Eleven Arbor Day trees planted to honor residents
Every year, in observance of Arbor Day, a number of trees are planted in Catasauqua honoring current and former residents. On April 23, 11 trees were dedicated in honor of residents, including librarians, a teacher, a coach and a historian.
Although the weather was only fit for trees, with hints of rain and a cool breeze, several residents attended the event.
Robert Bastian, chairman of the Catasauqua Borough Shade Tree Commission, opened the ceremony. The Rev. George Spieker offered the invocation and benediction.
Catasauqua Mayor Barbara Schlegel gave a speech that acknowledged the value of trees to the environment and to society.
Councilman Eugene Schlegel presented the list of trees donated this year and the honorees.
Two Armstrong maples are planted near the Public Library of Catasauqua to honor Irmgard Miller and Ellen Lewis, long-tenured librarians.
A Musashino Columnar zelkova tree was planted in memory of town historian Dale Wint.
An Ivory Silk lilac was planted along Howertown Road in honor of Mary and Mildred Young. Cindy Jones accepted a commendation for her father Joseph Guttmann. His commemorative tree is located at 517 Howertown Road.
Colonial Landscaping dedicated a Serbian spruce planted at the George Taylor House to serve as the community Christmas tree.
In Catasauqua Park, a Greenspire Little Leaf linden honors Earl Yandow, a former teacher at Catasauqua High School. A Red Sunset maple honors Catatsauqua businessman Earl Blocker. An Autumn maple was planted in memory of Robert Mushrush, former basketball coach at Catasauqua High School. An October Glory maple was planted to honor Joseph Barczy Jr. His certificate was accepted by his daughter Samantha. Barczy worked in the office of the Chief of Naval Operations. An Autumn Flame maple honors Myrle Kuhns, a librarian at Catasauqua High School. Kuhns went on to work as a librarian at the Library of Congress.
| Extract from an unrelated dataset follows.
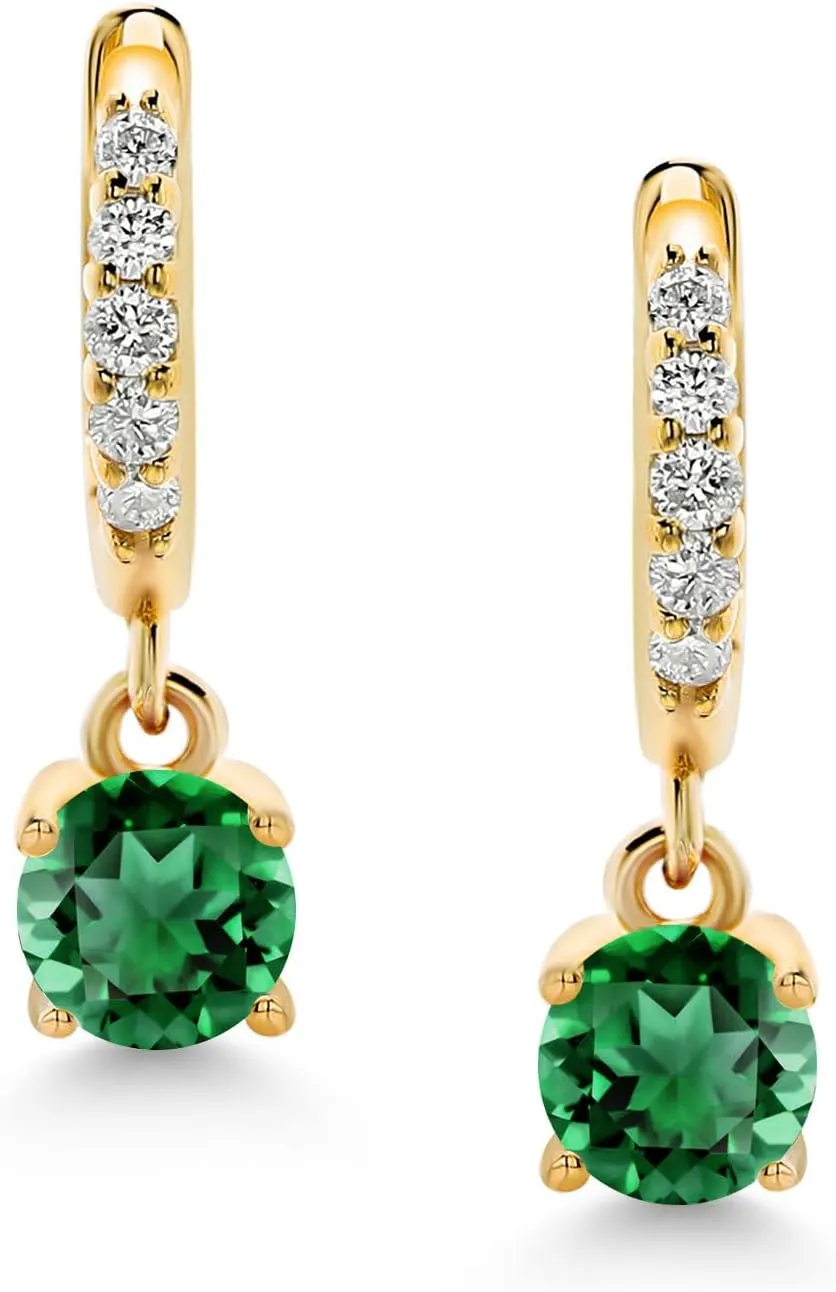 4MM | Gold Earrings For Women Gem Stone King sacred consistent 10K Yellow Gold Gemstone Birthstone and White Lab Grown Diamond Dangle Drop Huggie Hoop Earrings | Round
As Bastian explained, the role of the shade tree commission is to assist residents in selecting trees.
“As you can see from the trees we selected for this Arbor Day celebration, diversity is important. Some trees grow better in our climate than others. We have the expertise on this commission to help you out in your selection of trees for your property,” he said.
The commission will also advise residents of the best places to plant a tree. Of particular importance is making sure that tree roots clear utility lines.
The commission also checks on the viability of existing trees. All of their assistance is provided free to residents.